_WHAT YOU SHOULD DO_
Set the listing down again exactly, please, apart from its pictures.

_DATASET SECTION_

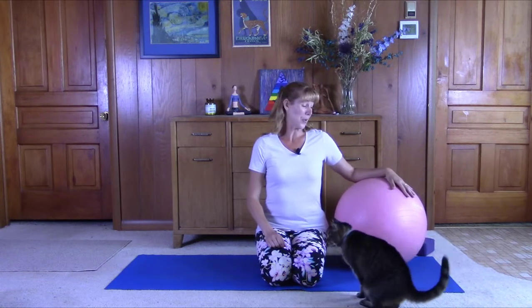This video is about ball Pilates. Hi, my name is Jessie and today we're going to grab our big balls and we're going to do some ball Pilates.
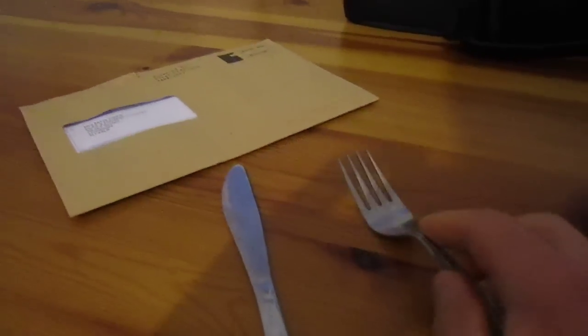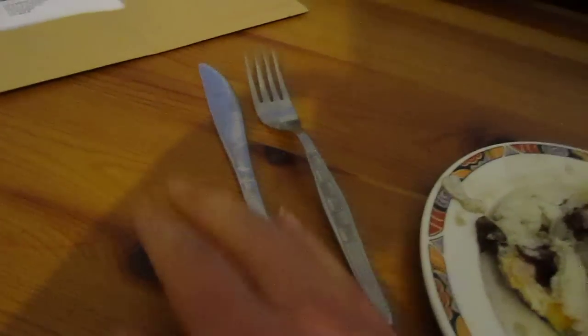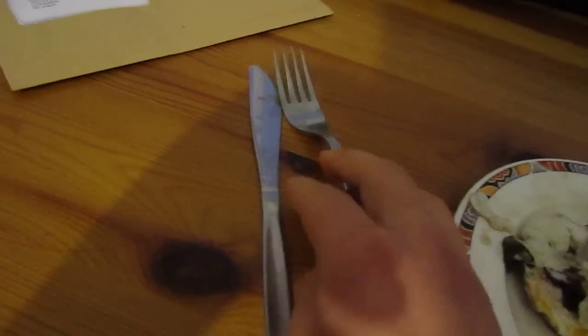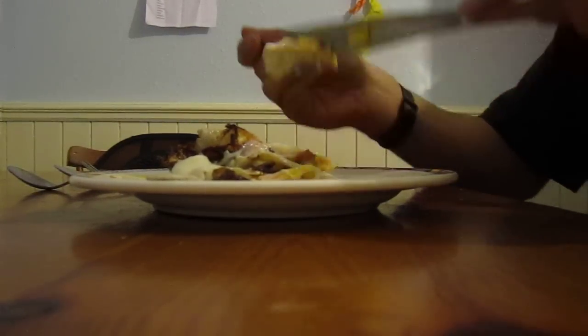Now usually when you eat food over here, you use these two things mostly: knife and fork. Let me just demonstrate it because that's the best way to eat — you use the knife to cut the food up and you use the fork to put the food in your mouth. Let me show you now. You can see the food there. Watch me use these two to eat the food — hopefully you'll find this informative. I'll just carry on talking while I eat this food.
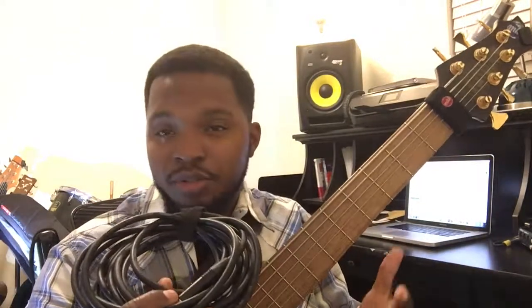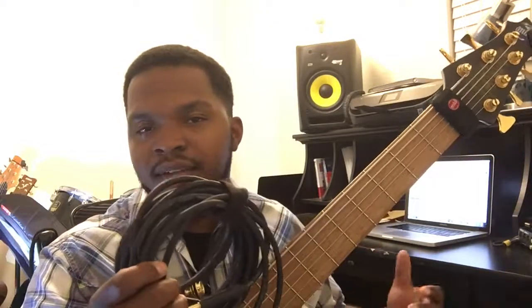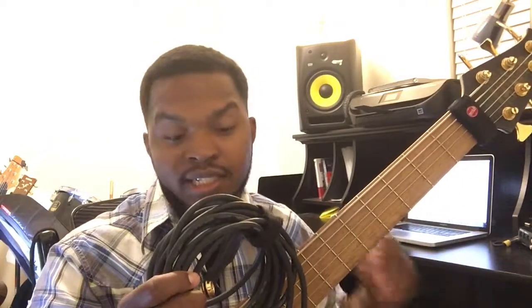They hand solder the connectors. It's more pure virgin copper that they use and it's just better shielding. It just feels more durable as well. I just had a couple other cables that I was comparing it to and this is a lot thicker as well. So the signal seems to be stronger as well.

_OUTPUT BELOW_
This video is about ball Pilates. Hi, my name is Jessie and today we're going to grab our big balls and we're going to do some ball Pilates.
Now usually when you eat food over here, you use these two things mostly: knife and fork. Let me just demonstrate it because that's the best way to eat — you use the knife to cut the food up and you use the fork to put the food in your mouth. Let me show you now. You can see the food there. Watch me use these two to eat the food — hopefully you'll find this informative. I'll just carry on talking while I eat this food.
They hand solder the connectors. It's more pure virgin copper that they use and it's just better shielding. It just feels more durable as well. I just had a couple other cables that I was comparing it to and this is a lot thicker as well. So the signal seems to be stronger as well.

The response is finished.